Churchland lab

With the growing elderly population in the United States and around the world, questions about age-related cognitive decline are on everyone’s mind. Despite massive research into possible causes for age-related decline, numerous mysteries remain. A recent article in Nature Neuroscience, led by researcher Josh Dubnau at Cold Spring Harbor, suggests a new mechanism that may drive cognitive decline.

Josh’s lab uses Drosophila melanogaster (above) as a model system because of the feasibility of genetic manipulation in that species. The focus of their current paper is transposable elements: DNA sequences that can change where they are in the genome, potentially creating mutations or changing the size of the genome altogether. Readers who are not genetic experts might still remember Barbara McClintock’s famous corn that exposed the existence of transposable elements.
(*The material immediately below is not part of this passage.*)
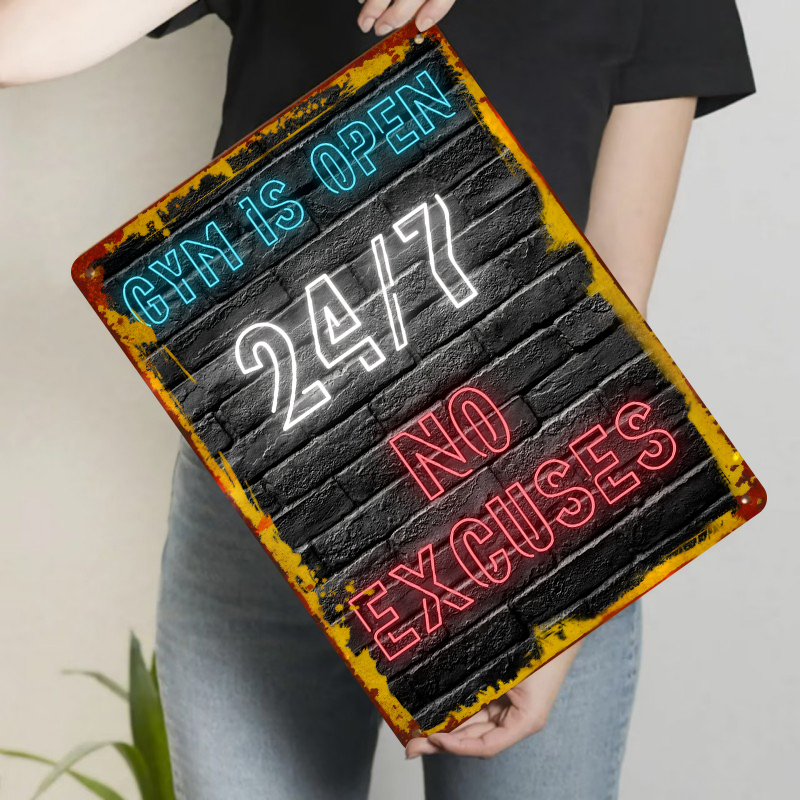 Seni Dinding Logam Efek Neon G - Home Gym Quotes ulasan dan harga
This new study identified transposable elements in drosophila that were active during normal aging. That might have been just a coincidence, except they found that a mutant with extra transposon expression had even more age-dependent cognitive decline. It was as if the mutants lost their cognitive sharpness more quickly than their wild type siblings. The mechanism by which this abnormal transposon activation affects cognition remains a mystery and the lab has yet to show that the abnormal transposons cause the cognitive decline. Nevertheless, this research suggests a new avenue through which we might understand, and ultimately prevent, the cognitive decline that so often accompanies aging. Perhaps the work might also provide insight into the variability in this process: might adults who suffer more rapid cognitive decline have more abnormal transposon activity? If so, what might be the cause of this? Answering such questions could cause a dramatic improvement in the lives of a large population.